If a police officer pulls you over on suspicion of driving under the influence (DUI), he or she will likely arrive at that suspicion after talking to you. Officers often mention smelling alcohol or listening to someone slur their words as the things that tip them off that the person is intoxicated. They may then ask suspects to do field sobriety tests and arrest them if they fail. Some also use portable breath tests. 

However, none of that happens until after the traffic stop. One important thing to remember is that the stop itself also has to have reasonable justification, and this has to present itself long before the officer can talk to you and claim to smell alcohol on your breath. The authorities need reasonable suspicion to stop your car initially or it may be a violation of your rights. 

Reasonable suspicion does not mean stopping anyone who is out late at night. It does not mean stopping people who fit a profile, perhaps based on their age or attire. These types of random stops, where officers just hope to find a drunk driver, are illegal. 

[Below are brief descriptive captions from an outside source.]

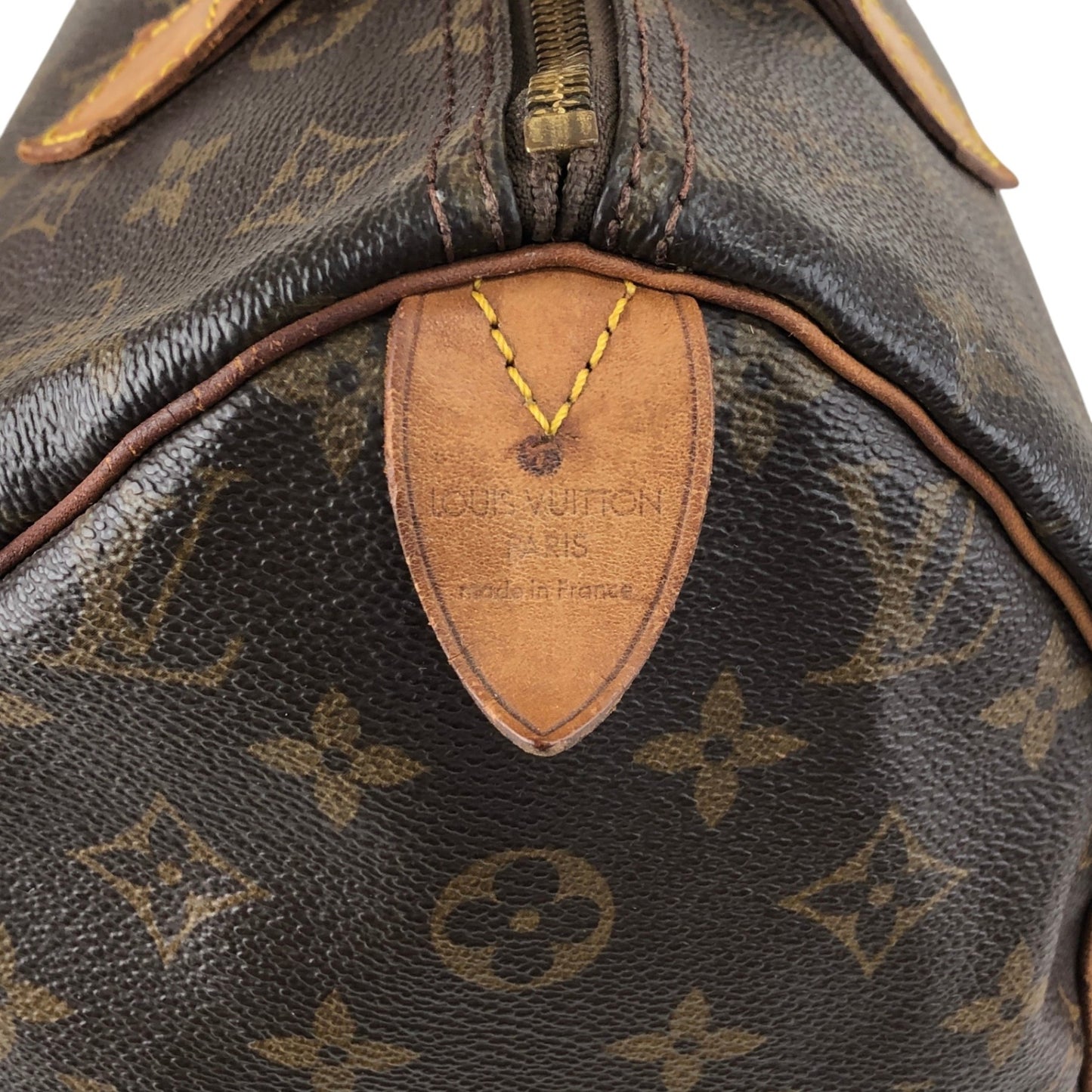 LOUIS VUITTON Monogram Small Boston bag Handbag Brown Vintage jm4cx4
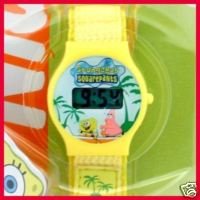 Spongebob: Kids' Digital Yellow Wrist Watch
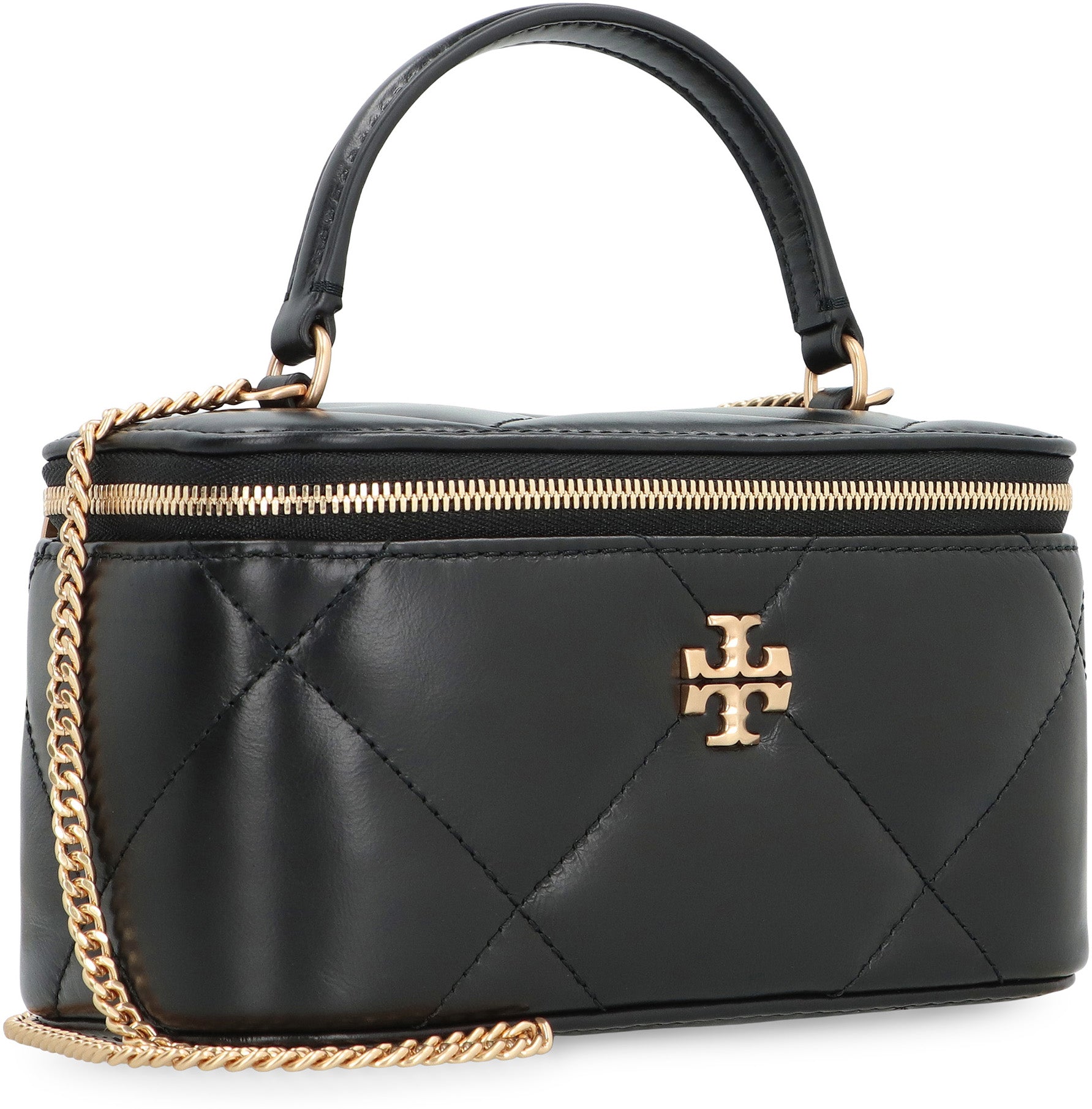 TORY BURCH Kira Mini Quilted Leather Jewellery Box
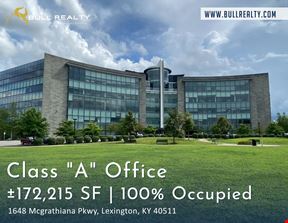 Class "A" Office | ±172,215 SF | 100% Occupied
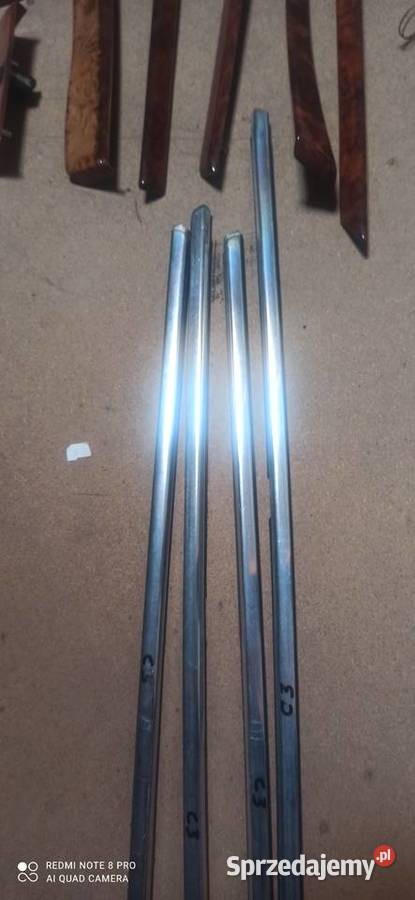 bmw e39 listwy zgarniajace chrom komplet osobowe Imielin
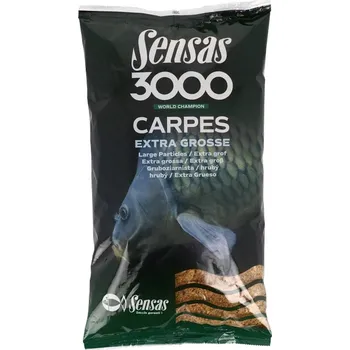 Návnadová surovina Sensas Krmení Carpes 3000 1 kg-Kapr Hrubý
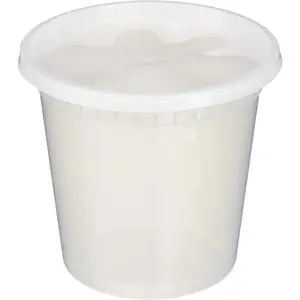 [24 OZ, 25 Sets] Plastic Deli  Storage Containers with Airtight  | Microwave-, Freezer-, Dishwasher-Safe |  | Heavy-Duty | Meal Prep | Leakproof | Recyclable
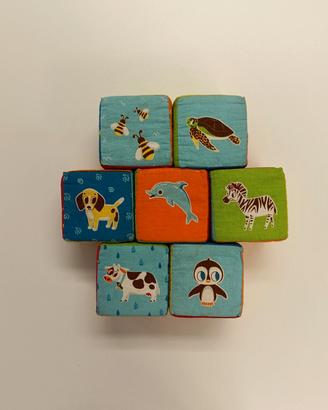 Cubi sensoriali Montessori 8 pezzi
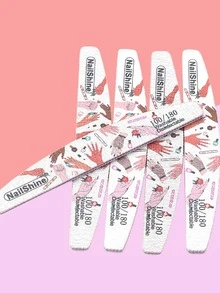 12入組8寸手印頂級厚美甲文件,可水洗美甲工具,適用於家庭日常美甲護理,多種顏色可選 - 彩色 - 查看 5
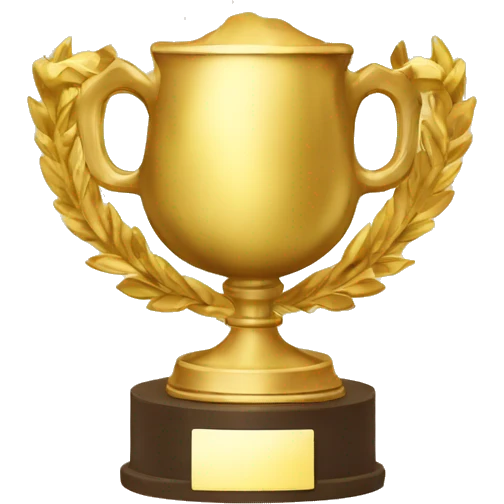 A gold trophy or medal to celebrate winning a dance battle. emoji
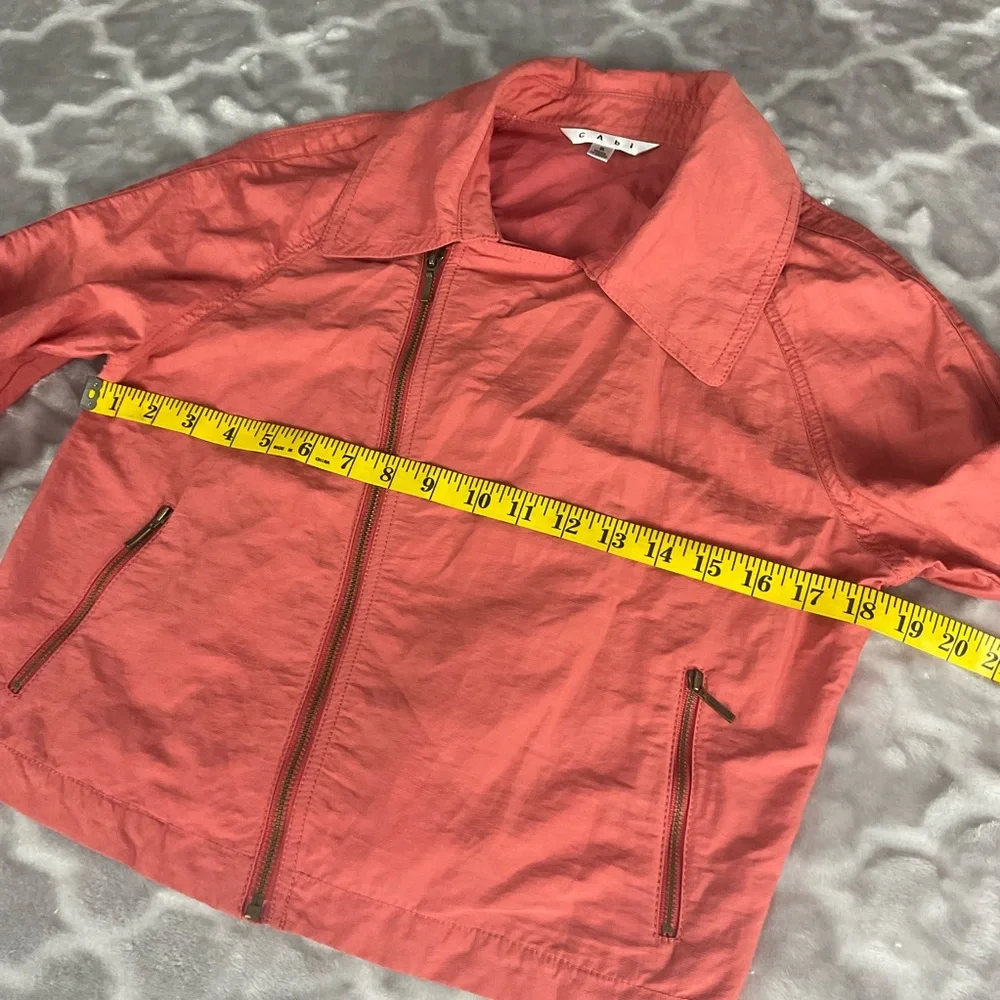 Cabi Cropped Moto Jacket Nylon - Picture 8 of 10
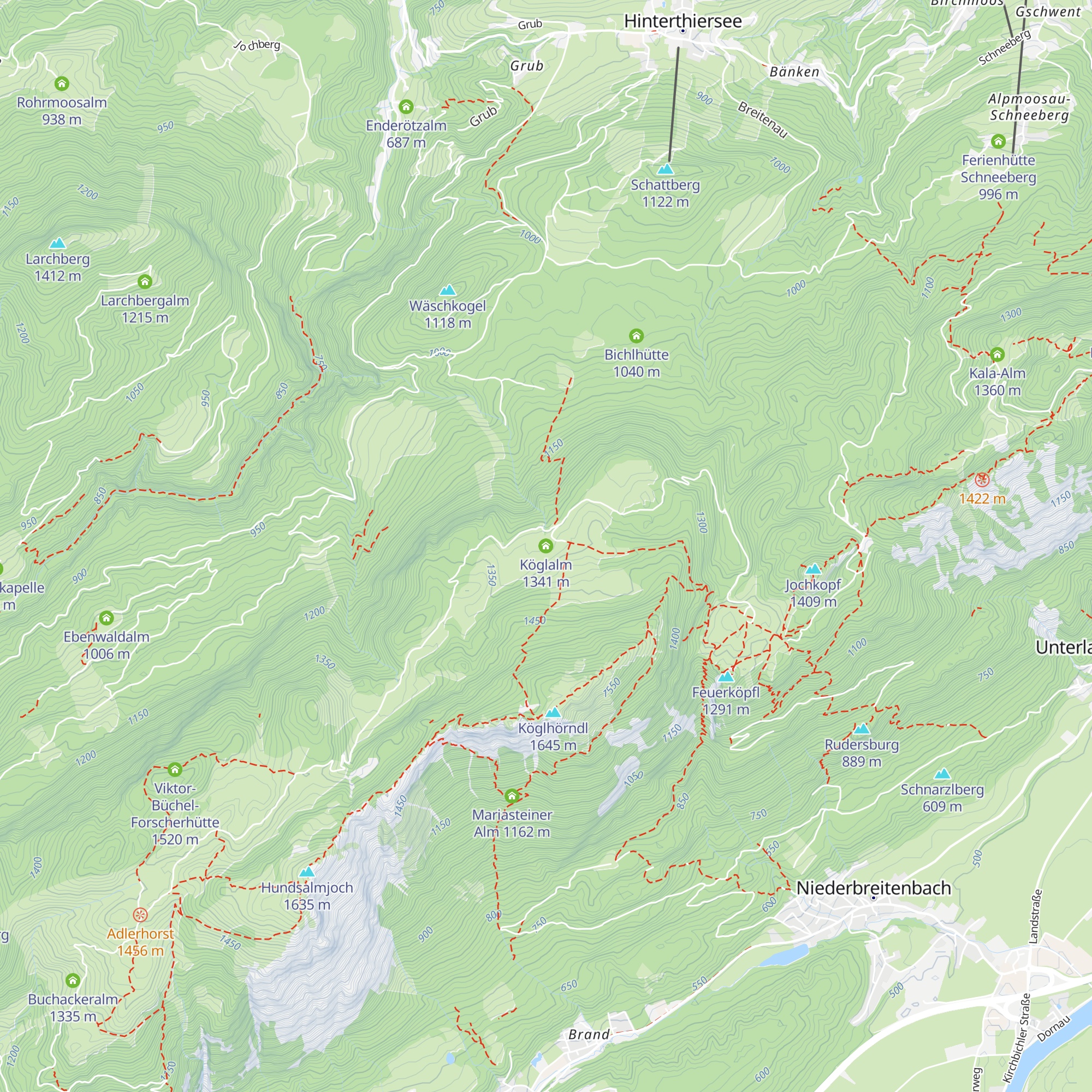 Köglalm map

Instead, the police need to see indicators that the driver may be drunk. For instance, you could swerve in and out of your lane or straddle the white line down the center. You could be driving far too slowly or taking too long to start moving again at a green light. Of course, officers can also pull you over for breaking common traffic laws, like speeding or running a red light. 

The chain of events is very important. If you are facing charges, you must know what defense options you have.